Balanced electricity mix

142. The Scottish Government supprts a balanced mix of electricity supply. As well as renewable technologies, in the absence of adequate storage capacity, thermal electricity generation is required to provide important base-load capacity and support the resilience of the electricity system.

143. At the moment, there are not sufficient incentives in the market to build new, efficient thermal generation in Scotland. A number of market and regulatory changes will be required - most of which are reserved to the UK Government - in order to deliver the resilient, low carbon electricity mix in Scotland envisaged in this strategy.

144. The Scottish Government takes the view that important strategic and regional factors merit much stronger consideration in future system design and planning as part of the transition to a low-carbon future energy system. These include the location of existing infrastructure and sites designated for energy production, existing transmission infrastructure, sources of large-scale industrial emissions and proximity to pipeline and storage networks.

145. The current transmission charging regime, for example, has a particularly detrimental effect. The North-South gradient of location charges actively discourages the rebuilding of thermal plant in Scotland where new thermal assets have an important role to play in contributing towards system operability, resilience and restoration. This is a priority concern for us and we eagerly await the publication of National Grid's Northern Security Assessment.

146. Looking ahead to 2050, this Energy Strategy must consider a future after the current generation of nuclear electricity plants in Scotland. The Scottish Government's policy is that these plants should not be replaced with new nuclear generation, under current technologies.
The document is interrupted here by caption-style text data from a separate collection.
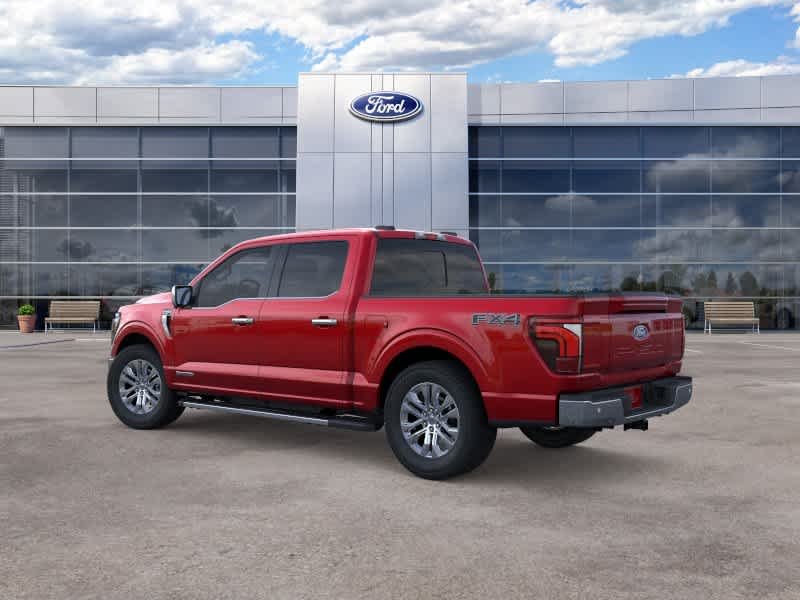 New 2026 Ruby Red Metallic Tinted Clearcoat Ford Lariat® image 4
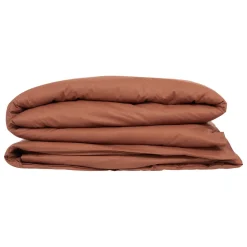 Funda nórdica terracota 220x240cm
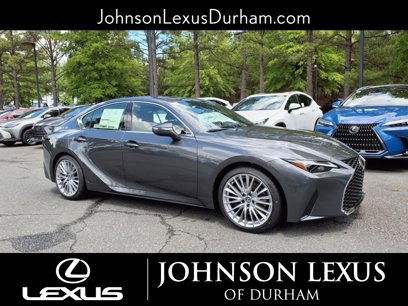 New 2025 Lexus IS 300 w/ Premium Package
147. To ensure Scotland can continue to benefit from reliable, flexible generation capacity in the future, this draft Energy Strategy invites views on the future of Scotland's decommissioned thermal generation sites.

Actions:

The Scottish Government will:

  • work in collaboration with BEIS and Ofgem in developing the Smart Energy Plan for the UK: seeking a fair treatment for storage and flexibility mechanisms, including pumped hydro storage ( PHS);
  • reiterate the proposal for the UK Government to implement a 'cap and floor' regime to provide a more appropriate regime for PHS and work with key stakeholders to realise the opportunities and overcome the barriers to deploying new PHS capacity in Scotland;
  • support innovation and demonstration of new forms of storage - including support for The Power Networks Demonstration Centre ( PNDC) - a unique world-class facility designed to accelerate the adoption of new, 'smart' technologies within advanced power grids - and work under the Energy Technology Partnership; and
  • work with industry, academia, local authorities and environmental groups to consider proposals for re-powering existing large-scale electricity generating sites - recognising their potential strategic role in future system design and planning as part of the transition to a low carbon energy system.

Consultation questions

  • What are your views on the priorities presented in this chapter for energy supply over the coming decades? In answering, please consider whether the priorities are the right ones for delivering our vision.
  • What are your views on the actions for Scottish Government set out in this chapter regarding energy supply? In answering, please consider whether the actions are both necessary and sufficient for delivering our vision.
  • What are your views on the proposed target to supply the equivalent of 50% of all Scotland's energy consumption from renewable sources by 2030. In answering, please consider the ambition and feasibility of such a target.
  • What are your views on the development of an appropriate target to encourage the full range of low and zero carbon energy technologies?
  • What ideas do you have about how the onshore wind industry can achieve the viable commercial development of onshore wind in Scotland without subsidy?
  • What are your views on the potential future of Scotland's decommissioned thermal generation sites?
  • What ideas do you have about the role of hydrogen in Scotland's energy mix and the development of hydrogen production in Scotland?